Hang gliding is all about lift. Pilots look for columns of rising warm air known as thermals, which they use to climb high into the sky, just as hawks and eagles do, in an act they call “skying out.” In fact, veteran pilot Tom Jones tells me he observes birds while in flight and often mimics their methods of finding thermals. “They fly for a living, so they’re almost always way better than us.”
Experienced and daring pilots can fly anywhere from twenty to eighty miles per hour; they don’t have an engine, but they have complete control, scurrying around the bottoms of clouds, zipping through rainstorms and sometimes soaring for great distances cross-country.
Learning to recognize and utilize lift, especially when there is very little, is a subtle art that takes years to master. That’s one reason why, according to Scott, the sport of hang gliding is losing steam. “Paragliding is more popular,” he explains. “They send beginners off Tiger [Mountain]. We won’t let anyone fly Tiger until they have at least a year. In this sport, the peer pressure is stronger for patience.”

Pilot Tom Jones soars off Rampart Ridge.
Tom Lee, the least experienced pilot out today, speaks to that. Back in his twenties, he took lessons with an inexperienced pilot and broke his arm on a training hill. His fiancée convinced him to quit, insisting that if he continued he needed to take out a two-million-dollar life insurance policy so she could at least meet the inevitable as a rich widow.
About twenty years later, as he was getting back into the sport, he flipped through his hang-gliding manual, authored by Dennis Pagan, and noticed a sentence in the first chapter that read: “One of the necessary skills for a hang-gliding pilot is a certain level of maturity.” “I realized that’s why I quit when I did,” Lee says. “I had a lot of growing up to do.”
Today Lee breaks down his glider without launching — he decides that he needs a few more successful flights before venturing out into conditions like today’s. But he is not alone — a few of the experienced pilots pack up, too.
“We’re all afraid,” Hartzog assured me earlier that day. “Fear is good.
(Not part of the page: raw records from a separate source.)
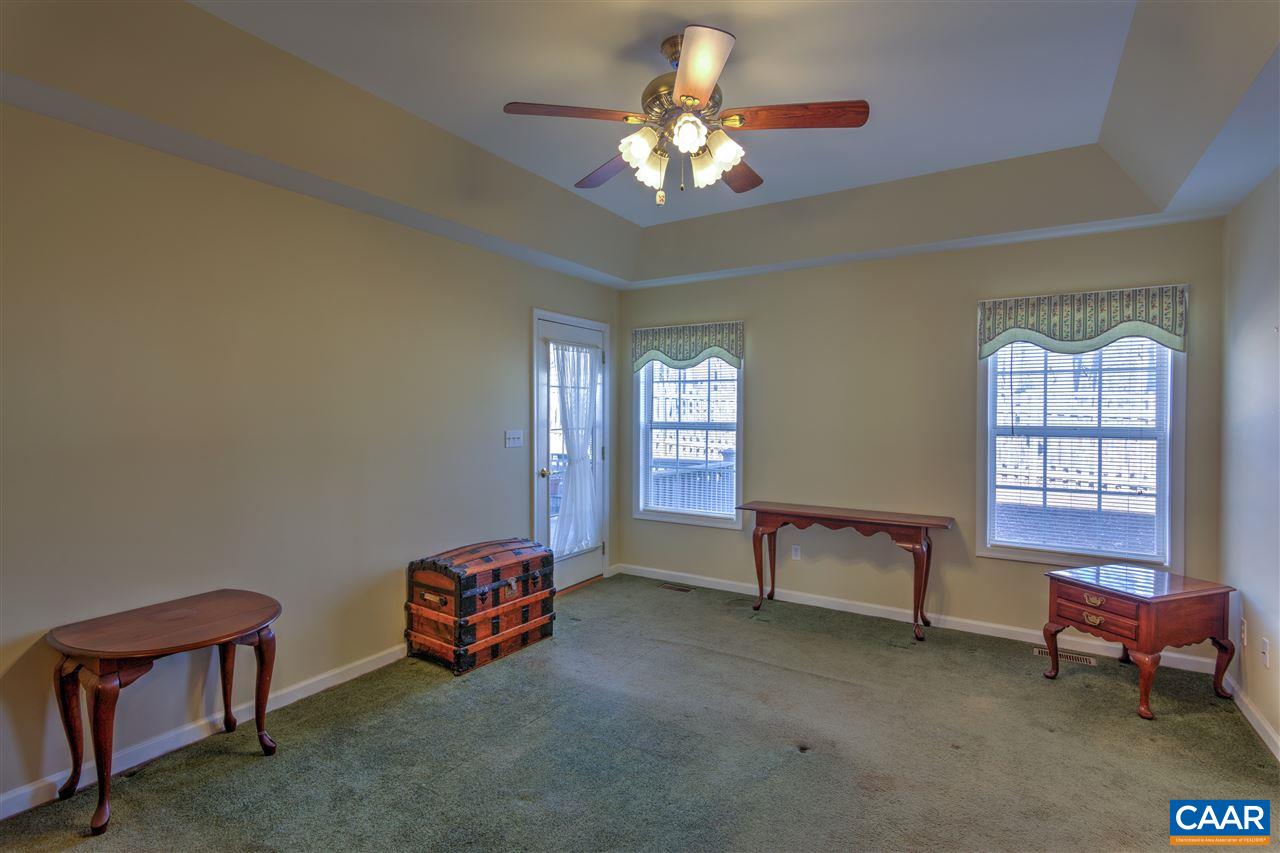 32 Zephyr Road Palmyra, VA 22963 - Photo 22 of 31 a living room with furniture a chandelier and a window
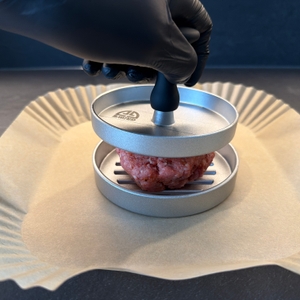 Der Pressstempel vom Gräwe-Hamburgerpressen-Set wird auf ein Fleischbällchen gedrückt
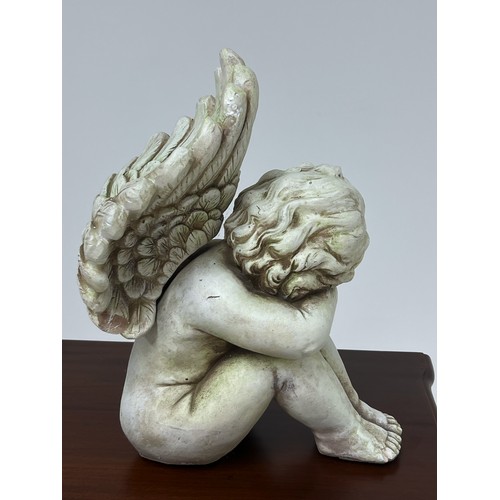 188 - Resin figure of a cherub {H 36cm x W 20cm x D 30cm }.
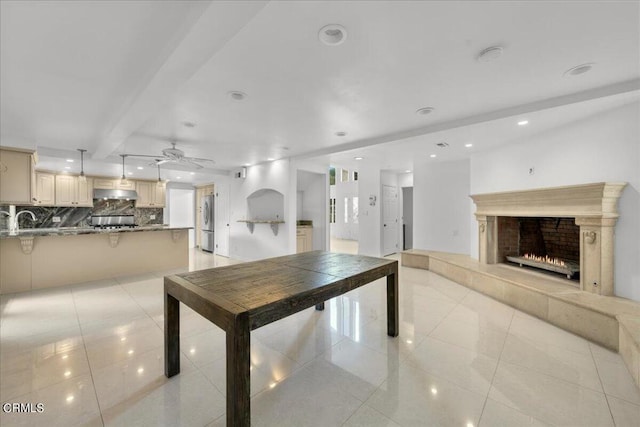 interior space with sink, a fireplace, ceiling fan, and light tile patterned floors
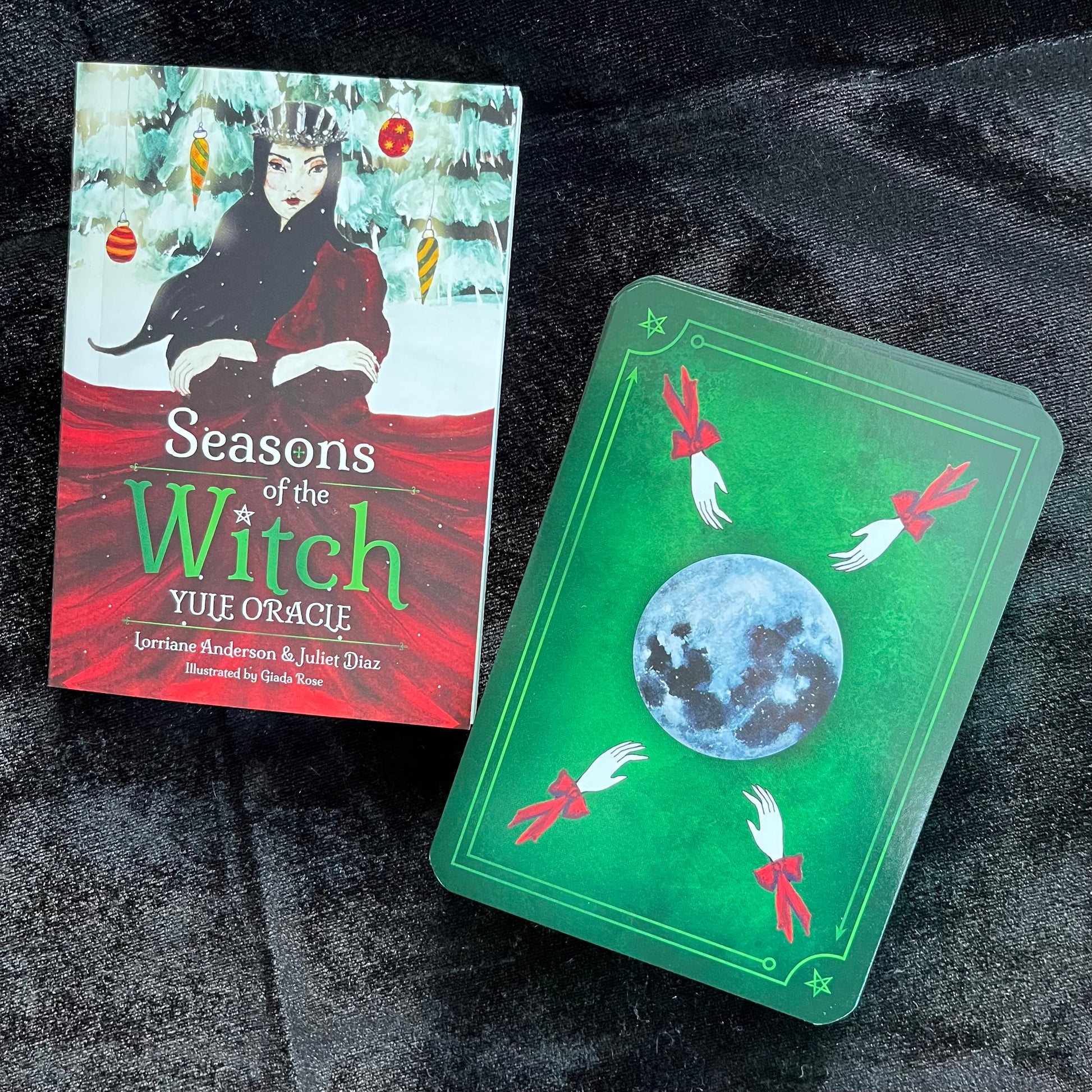 Card game box titled 'Seasons of the Witch Yule Oracle' on a dark textured surface.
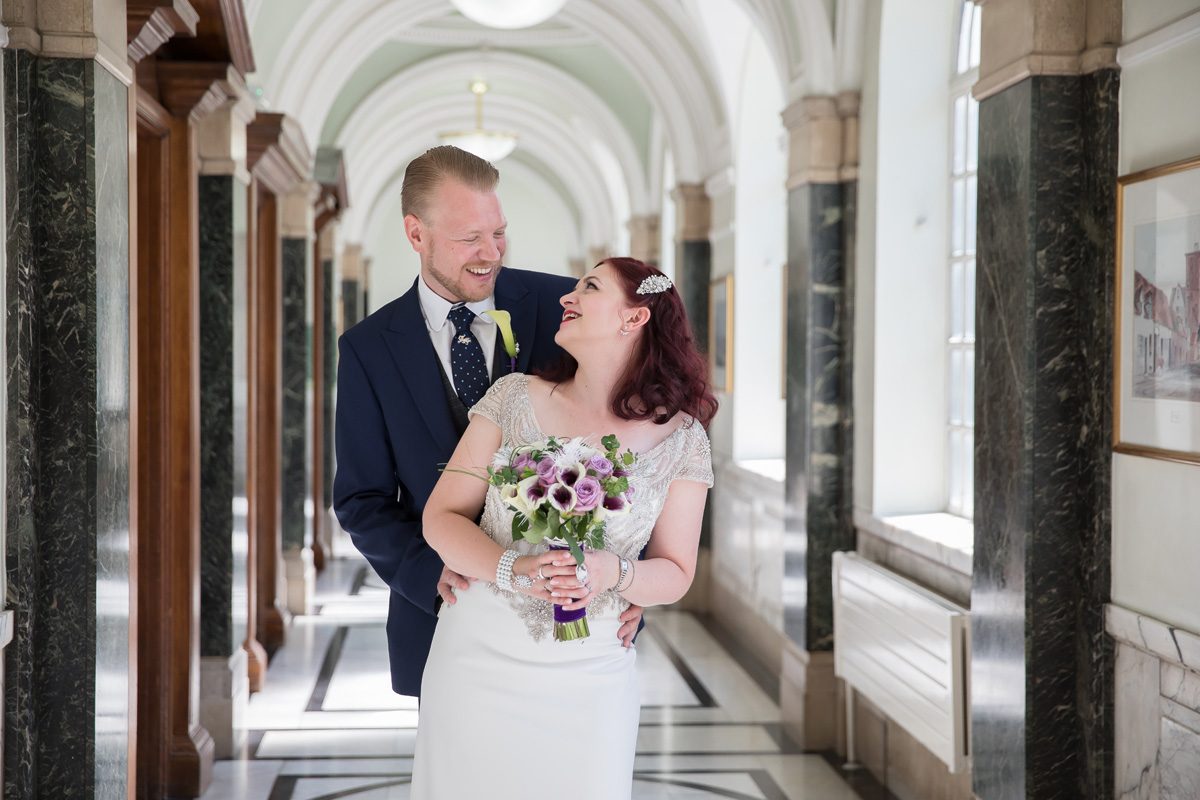 Wedding couple inside corridor Islington Town Hall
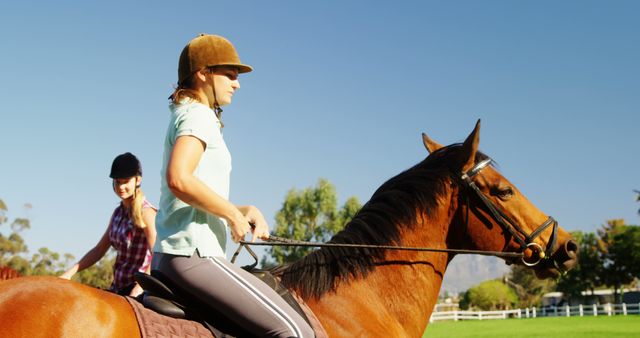 A girl takes a focused horseback riding lesson, accompanied by another rider. - Download Free Stock Photos Pikwizard.com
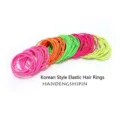 Detailed macro view of colorful seamless thin hair elastics in fluorescent shades. - 100 Pieces/Pack (OPP Bag) / Fluorescent Colors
Fear keeps you alive.”

Driving down to meet Scott at the LZ, I spot a dark pile where the road levels out at the bottom of the ravine. It’s Chadwick, still in his black flying gear and lying on his back, sticking his thumb out like a hitchhiker. He grins mischievously when I tell him that for a second I thought he was dead. He is less amused when I take a picture of his glider hanging in the trees. He complains he’s never going to hear the end of it from the other guys; a pilot for more than thirty years and a former instructor, he admits he pushed the envelope today.
When I ask Chadwick why he hang glides, given the obvious danger, he offers the most understandable answer I’ve heard all day: “It’s like a sweet detachment,” he says. “Some people use drugs or alcohol; I use this.”
At the LZ, part of the Keechelus Lake bed that is drying up for the winter, Scott, Chadwick and I watch as Hartzog comes in for a landing. The pilots let me know that this particular zone is an especially intense place to land. The conditions go from calm to “serious” when they get down to five hundred feet; they have to be especially careful not to lose control, lest the force of the wind drive them down to the ground too hard or flip them over entirely.
Thankfully, Hartzog nails his landing — there has been enough excitement today. Scott captures an image of it that he is particularly proud of; it shows the summer evening sunlight coming through just under the wing.
Once all the gliders are rolled up into long tubes, the guys gather around Scott’s truck, excitedly recounting the day’s events over trail mix, beer and wine. Chadwick, who has seen the most action that day, seems more reserved than he did at launch. But he’s still cracking jokes; he repeatedly boasts of his plans to head out the next morning with his cordless chainsaw so he can cut his glider down — and get back up in the sky again. And, I later learn, that is exactly what he does.